In contrast to absorption costing system, the material usage variances account has at least one significant advantage: it counts real material expenditures (and absorption costing system douse not it). Indeed it is very important for manufactures as IDP, where row materials expenditures (the materials costs, quantity of materials etc) take a big part of total cost. Absorption costing system of IDP takes stock of production overheads for products in total kilograms produced. But in such case it does not take stock of the defective goods, waste or the other such materials expenditures. For example, 1 kilogram of vermillon (needed for production of red paint) costs 50 $. To make 100 units of paint the 50 kilograms of vermillon should have been used, or 2500 $ (by calculation in absorption costing system). But really for 100 units of paint the 53 kilograms of vermillon were used. 3 kilograms over = 150 $. So, from every 100 of units usage variance in $ is 150$, which were not calculated before production.

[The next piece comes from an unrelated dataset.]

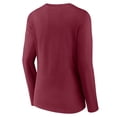 thumbnail image 3 of Women's Garnet South Carolina Gamecocks Campus Long Sleeve V-Neck T-Shirt, 3 of 3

That is why the costs of work-in-progress (WIP) never agree with the book balance. Evidently, stock loss £15,000 for last period in IDP (in the guidelines) - that is total material usage variance, which have been not calculated with absorption costing system.

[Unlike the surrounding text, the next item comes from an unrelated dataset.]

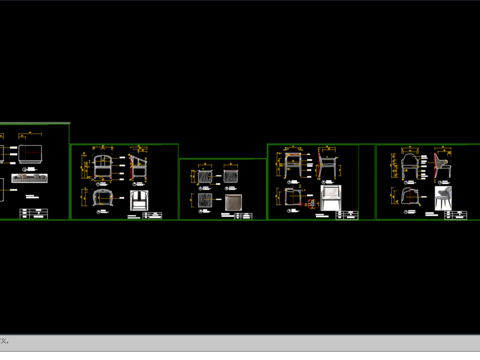  圈椅书椅餐椅休闲椅cad大样图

Also absorption costing system of IDP makes errors in prices of products. Every month material price variance, fixed overhead volume variance and fixed overhead expenditures variance are calculated. The results of these calculations determine the prices (all these costs are included in the price of an every unit). But again – the expenditure of real materials usage are not calculated and not included in price. For manufactures as IDP the increasing of production may not influence significantly on overhead costs; the row materials price is not depended directly from production scale; but with increasing of production the material usage variance would be more appreciable. So, for IDP the calculation of material usage variances is more appropriate account system than absorption costing system. For manufacture, where material usage is very significant expenditures, calculation of material usage variances helps to calculate all significant expenditures.      

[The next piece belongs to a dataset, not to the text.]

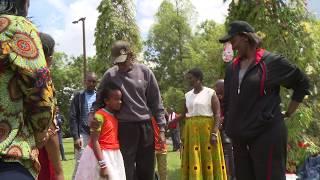 President Kagame and First Lady Jeannette Kagame take part in kigali city walk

Production overheads are specific expenditures – they do not correlate directly with the manufacture’s output. Absorption costing system includes all costs for one unit production in the price for this unit (or almost all costs as it was mentioned above). So, in absorption costing system the unit price are determinate by expenditures for this unit production. But it is impossible to correlate all production overheads (which are not related directly to the output) with production of every kilogram of IDP products. The production overheads may not change with increasing or decreasing of output. It is so-called economy of scale (when production increases). For example, we need the same place, same number of workers, same machines to produce 100 kilogram of paint and to produce 1000 kilogram of paints. The workers’ salary would be direct costs, and it may be calculated in the unit price. But the donations for workers (if the work is harmful) would be the production overhead, and the donations amount would be the same for 100 kilograms and for 1000 kilograms of products. In the same time the production overheads may increases when production does not. Therefore, the calculation of production overheads by the use of absorption costing system may be not appropriate at such manufactures as IDP where output is calculated in kilograms.